### WORK REQUIRED:
Copy the data below exactly, omitting any picture it contains.

### EXERCISE MATERIAL:

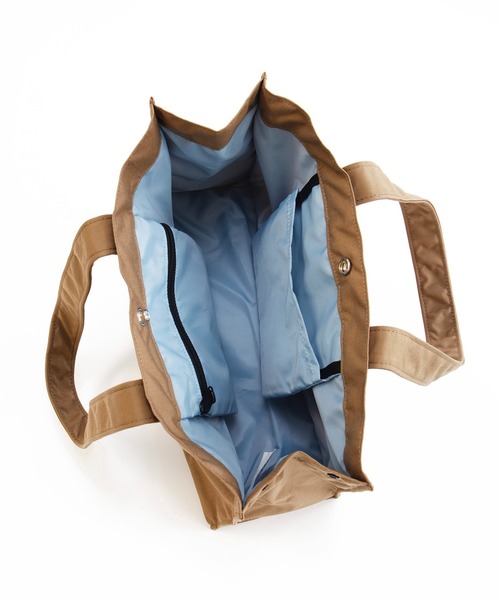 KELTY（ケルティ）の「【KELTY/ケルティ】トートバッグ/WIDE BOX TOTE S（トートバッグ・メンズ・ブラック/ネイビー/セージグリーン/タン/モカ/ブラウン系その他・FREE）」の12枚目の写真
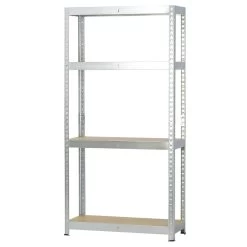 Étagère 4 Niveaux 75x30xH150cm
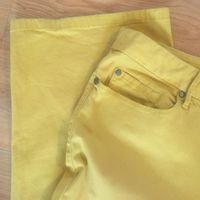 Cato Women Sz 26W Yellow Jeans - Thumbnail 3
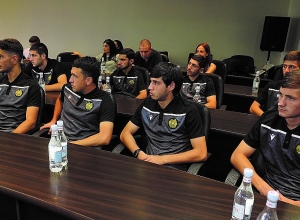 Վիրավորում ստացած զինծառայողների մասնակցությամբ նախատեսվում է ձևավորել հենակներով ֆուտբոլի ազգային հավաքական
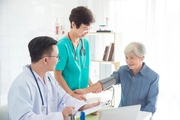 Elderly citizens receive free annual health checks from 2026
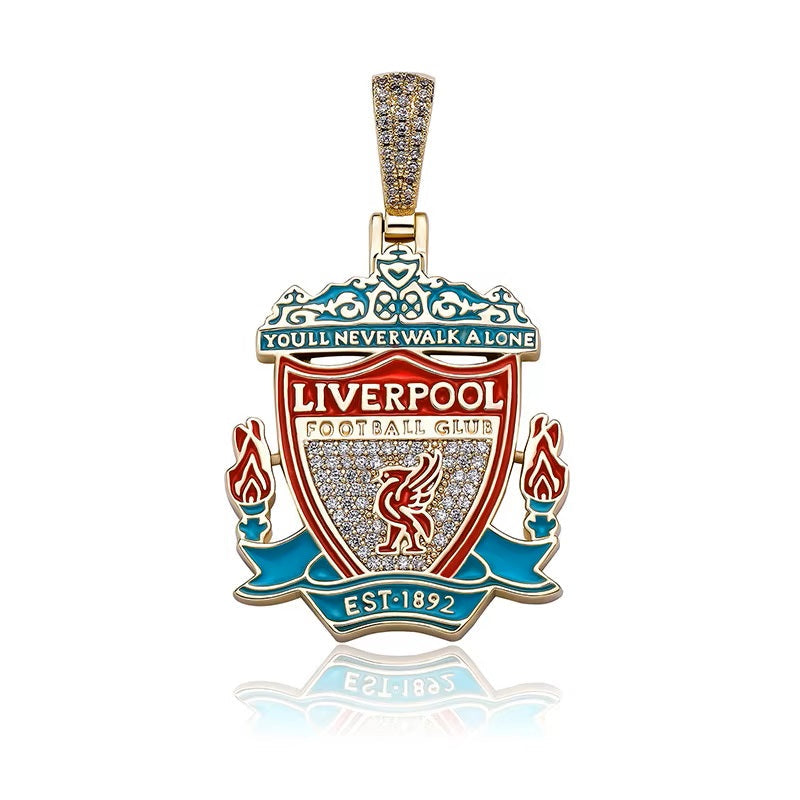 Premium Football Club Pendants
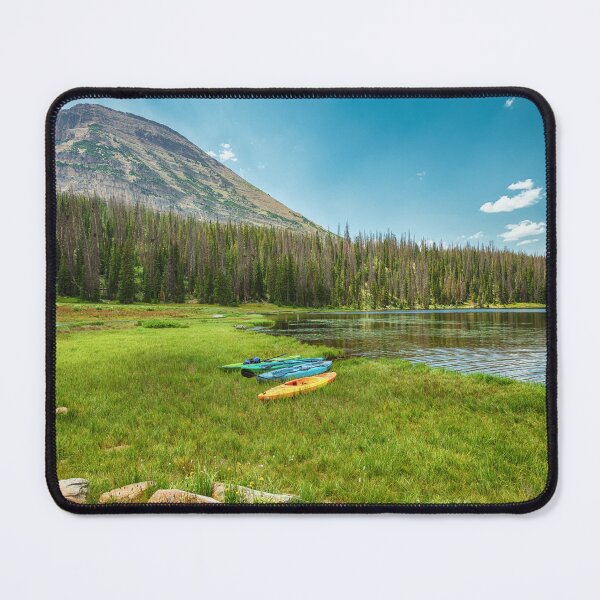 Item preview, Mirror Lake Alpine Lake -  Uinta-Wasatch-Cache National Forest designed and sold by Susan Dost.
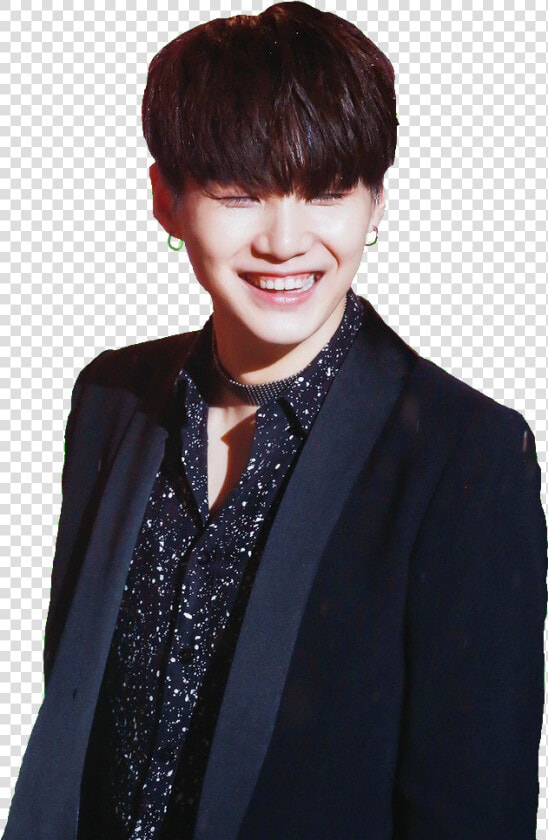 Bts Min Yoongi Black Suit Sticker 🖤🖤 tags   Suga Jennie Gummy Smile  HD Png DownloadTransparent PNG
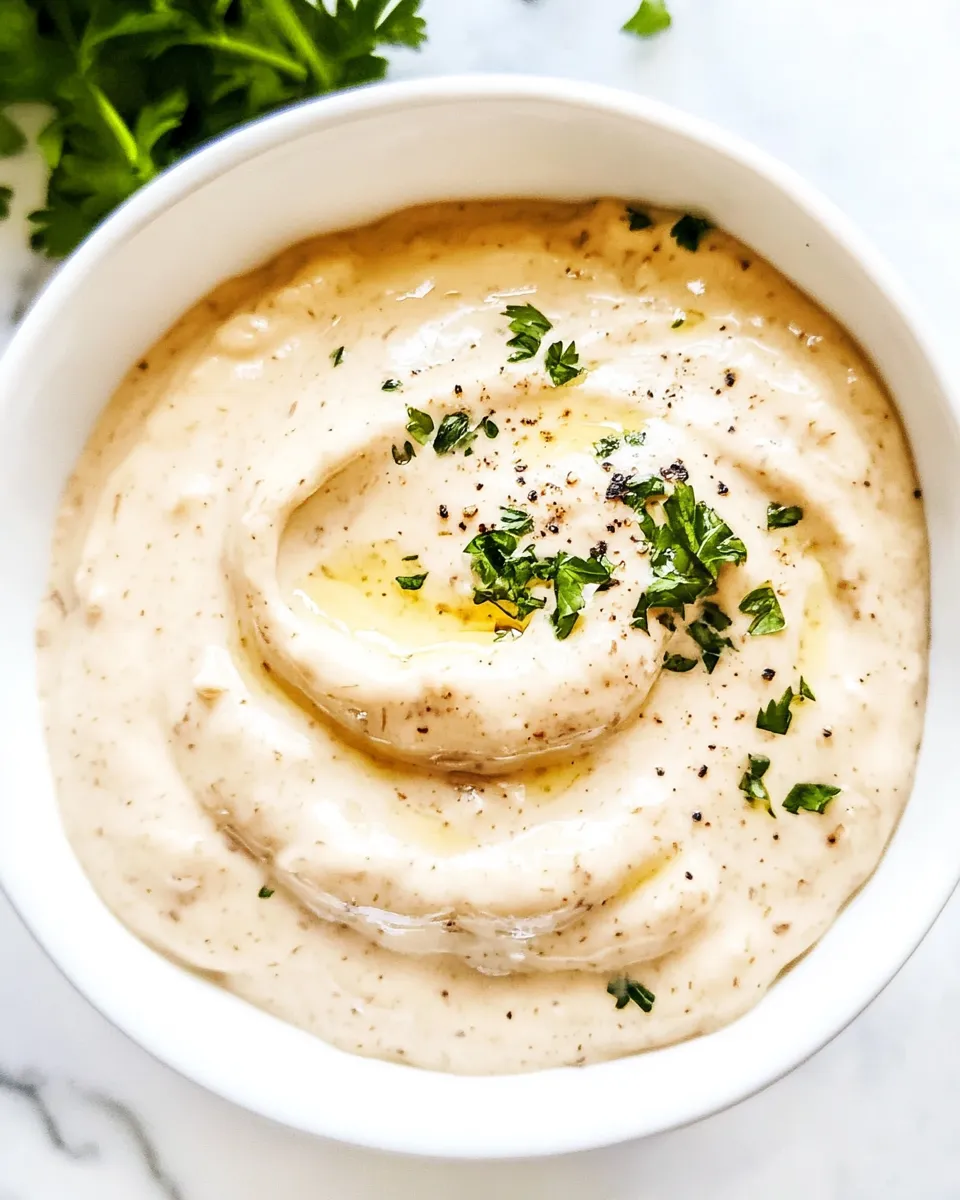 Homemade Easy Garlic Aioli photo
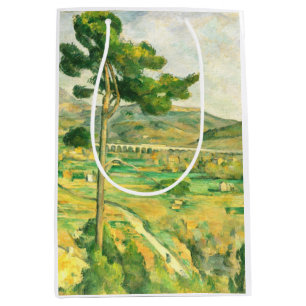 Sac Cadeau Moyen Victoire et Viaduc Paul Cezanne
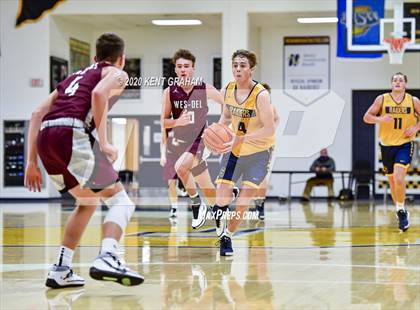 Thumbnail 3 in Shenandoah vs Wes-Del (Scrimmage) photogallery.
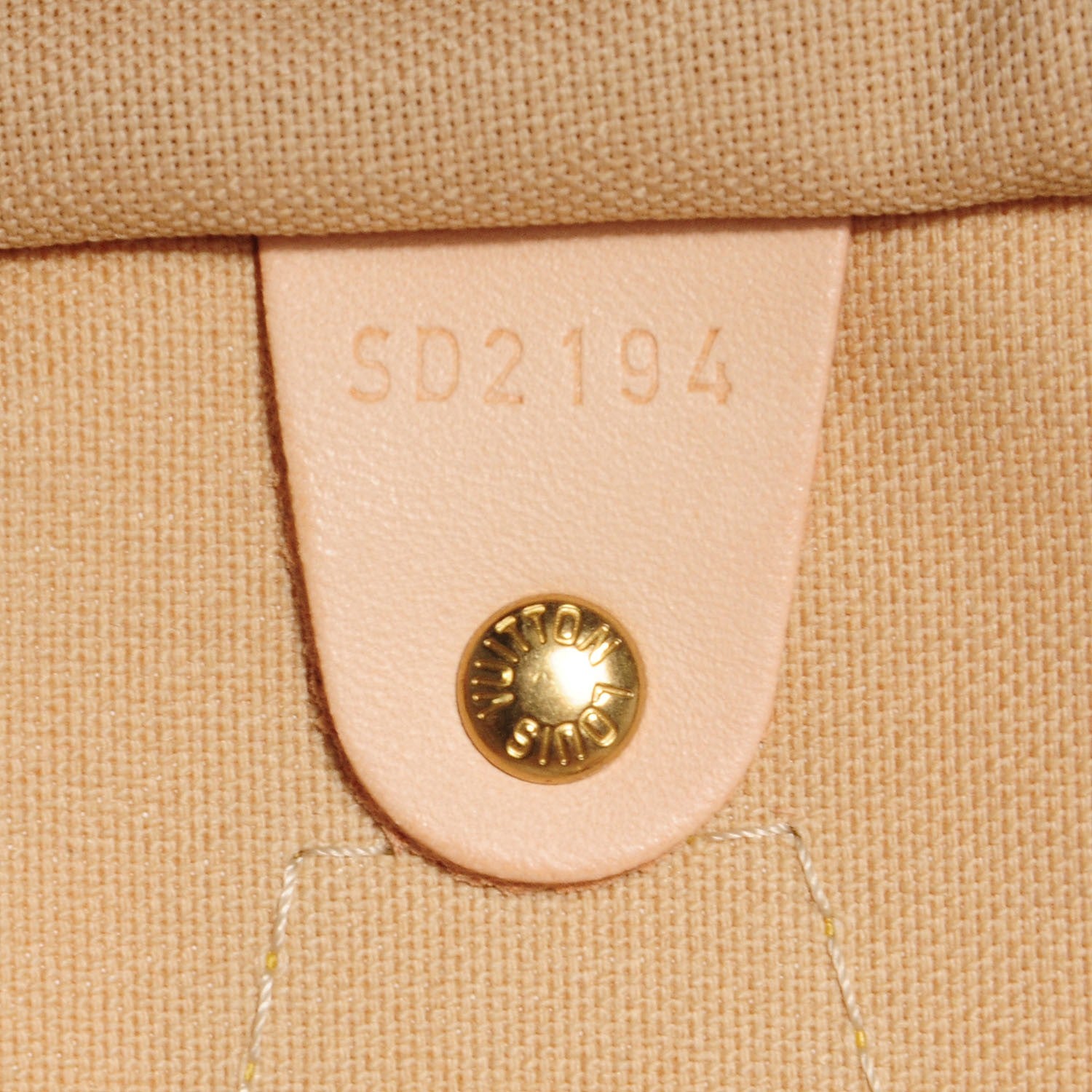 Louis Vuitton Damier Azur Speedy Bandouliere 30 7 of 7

### RESPONSE TO THE EXERCISE:
 KELTY（ケルティ）の「【KELTY/ケルティ】トートバッグ/WIDE BOX TOTE S（トートバッグ・メンズ・ブラック/ネイビー/セージグリーン/タン/モカ/ブラウン系その他・FREE）」の12枚目の写真
 Étagère 4 Niveaux 75x30xH150cm
 Cato Women Sz 26W Yellow Jeans - Thumbnail 3
 Վիրավորում ստացած զինծառայողների մասնակցությամբ նախատեսվում է ձևավորել հենակներով ֆուտբոլի ազգային հավաքական
 Elderly citizens receive free annual health checks from 2026
 Premium Football Club Pendants
 Item preview, Mirror Lake Alpine Lake -  Uinta-Wasatch-Cache National Forest designed and sold by Susan Dost.
 Bts Min Yoongi Black Suit Sticker 🖤🖤 tags   Suga Jennie Gummy Smile  HD Png DownloadTransparent PNG
 Homemade Easy Garlic Aioli photo
 Sac Cadeau Moyen Victoire et Viaduc Paul Cezanne
 Thumbnail 3 in Shenandoah vs Wes-Del (Scrimmage) photogallery.
 Louis Vuitton Damier Azur Speedy Bandouliere 30 7 of 7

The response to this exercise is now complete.